To solve the dual, differentiate: \[ \frac{d}{d\lambda} g(\lambda) = -\frac{1}{2}\lambda - 1. \] Set to zero: \[ -\frac{1}{2}\lambda - 1 = 0 \quad \Rightarrow \quad \lambda^* = -2. \] Using \[ \mathbf{x} = -\mathbf{Q}^{-1}\mathbf{A}^\top \lambda, \] we obtain: \[ \mathbf{x}^* = -\frac{-2}{2} \begin{bmatrix} 1 \\ 1 \end{bmatrix} = \begin{bmatrix} \frac{1}{2} \\ \frac{1}{2} \end{bmatrix}. \]
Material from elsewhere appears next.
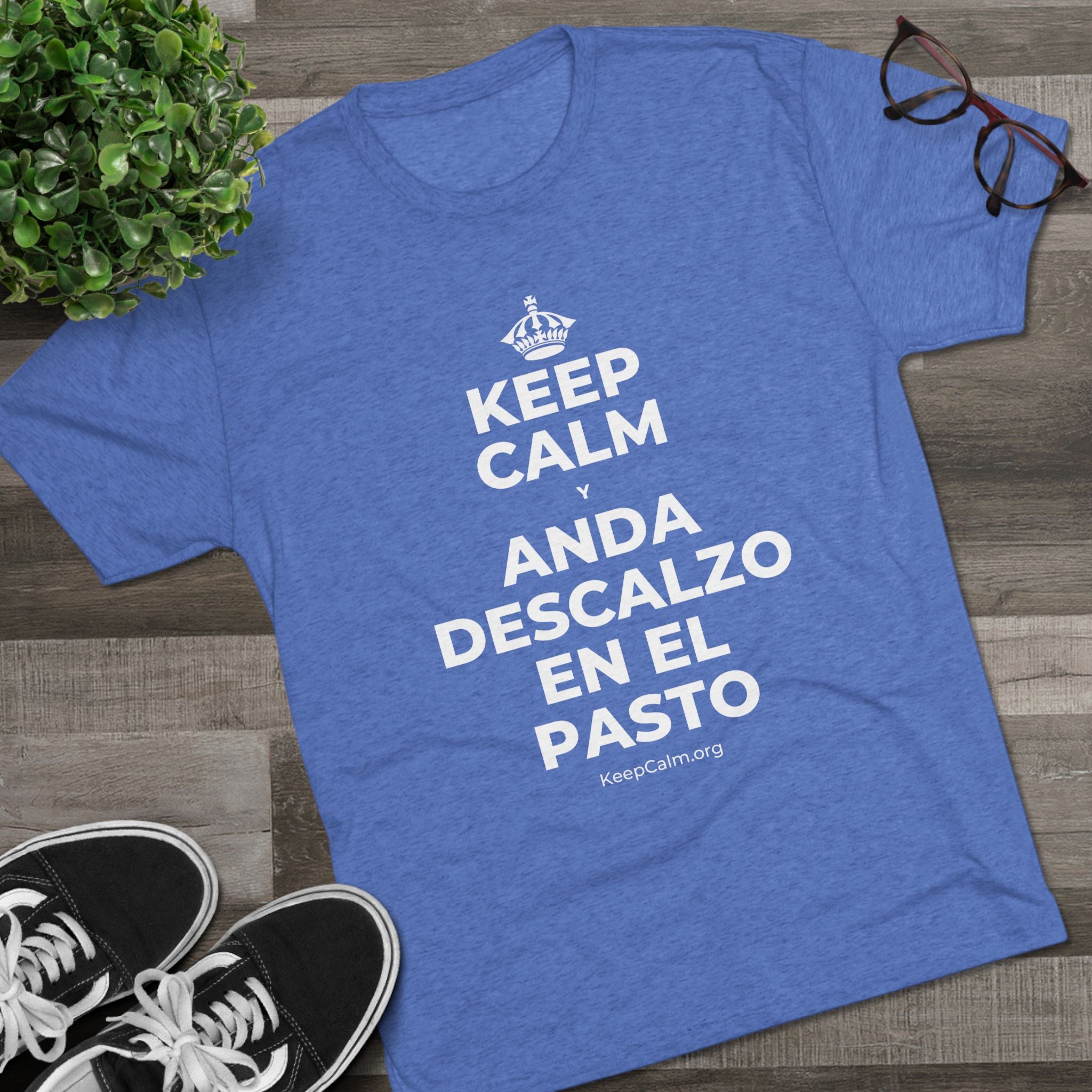 KEEP CALM Y ANDA DESCALZO EN EL PASTO Tri-Blend Tee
Therefore, the primal optimal solution is \[ \mathbf{x}^* = \begin{bmatrix} \frac{1}{2} \\ \frac{1}{2} \end{bmatrix}, \quad f^* = \frac{1}{2}. \] The dual optimal solution is \[ \lambda^* = -2. \] Strong duality holds because the problem is convex with linear equality constraints.
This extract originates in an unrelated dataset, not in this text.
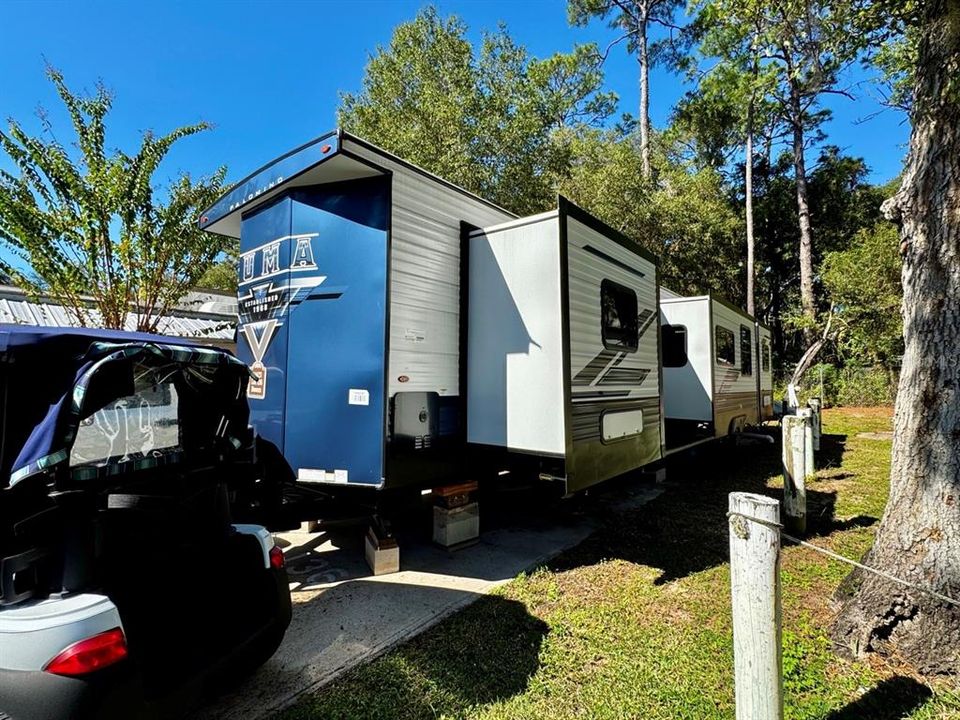 На продажу: $99,900 (0.05 acres)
Quadratic programs are common in machine learning — for example, in support vector machines.


3.3.4 Legendre–Fenchel Transform and Convex Conjugate

Convex functions can also be characterized using their supporting hyperplanes (tangents). The Legendre–Fenchel transform (or convex conjugate) formalizes this relationship.
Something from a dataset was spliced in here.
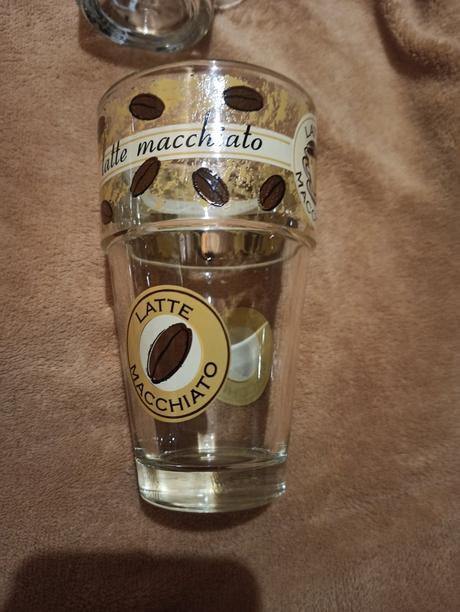 3x vyšší sklenice na kávu,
Definition 3.12 For a function \(f: \mathbb{R}^D \to \mathbb{R}\), the convex conjugate is defined as: \[ f^*(s) = \sup_{x \in \mathbb{R}^D} \big( \langle s, x \rangle - f(x) \big). \]

If \(f\) is convex and differentiable, the supremum occurs where \(s = \nabla f(x)\), and we have: \[ f^*(s) = s^{\top}x - f(x). \]

For convex functions, applying the transform twice returns the original function: \[ f^{**}(x) = f(x). \]

3.3.5 Connection to Duality

Using the Legendre–Fenchel transform, a general equality-constrained convex optimization problem: \[ \min_x f(Ax) + g(x) \] can be expressed equivalently as a dual problem: \[ \max_u -f^*(u) - g^*(-A^{\top}u). \] This relationship shows how convex conjugates naturally lead to the formulation of dual problems in optimization.


Exercises

Exercise 3.11 Consider the linear program \[ \min_{\mathbf{x} \in \mathbb{R}^2} -\begin{bmatrix}5\\3 \end{bmatrix}^T\begin{bmatrix}x_1\\x_2 \end{bmatrix} \;\;\;\;\; \text{subject to} \;\;\;\;\; \begin{bmatrix} 2 & 2 \\ 2 & -4 \\ -2 & 1 \\ 0 & -1 \\ 0 & 1 \end{bmatrix}\begin{bmatrix}x_1 \\ x_2 \end{bmatrix} \leq \begin{bmatrix} 33 \\ 8 \\ -5 \\ -1 \\ 8 \end{bmatrix}.\] Solve this problem showing your work. Derive the dual using Lagrange duality.

Exercise 3.12 Consider the linear program \[\begin{align*} \text{maximize } & P = 5x + 12y\\ \text{subject to } & 20x + 10y \leq 200\\ & 10x + 20 y \leq 120\\ & 10x + 30y \leq 150\\ &x \geq 0\\ &y \geq 0. \end{align*}\] Illustrate the problem. Find the optimal solution. Recreate this problem in matrix form. Derive the dual using Lagrange duality.

Exercise 3.13 Consider the linear program \[\begin{align*} \text{maximize } & P = 100x + 120y\\ \text{subject to } & x + y \leq 220\\ & 30x + 20y \leq 480\\ & x + 2y \leq 36\\ &x \geq 0\\ &y \geq 0. \end{align*}\] Illustrate the problem. Find the optimal solution. Recreate this problem in matrix form. Derive the dual using Lagrange duality.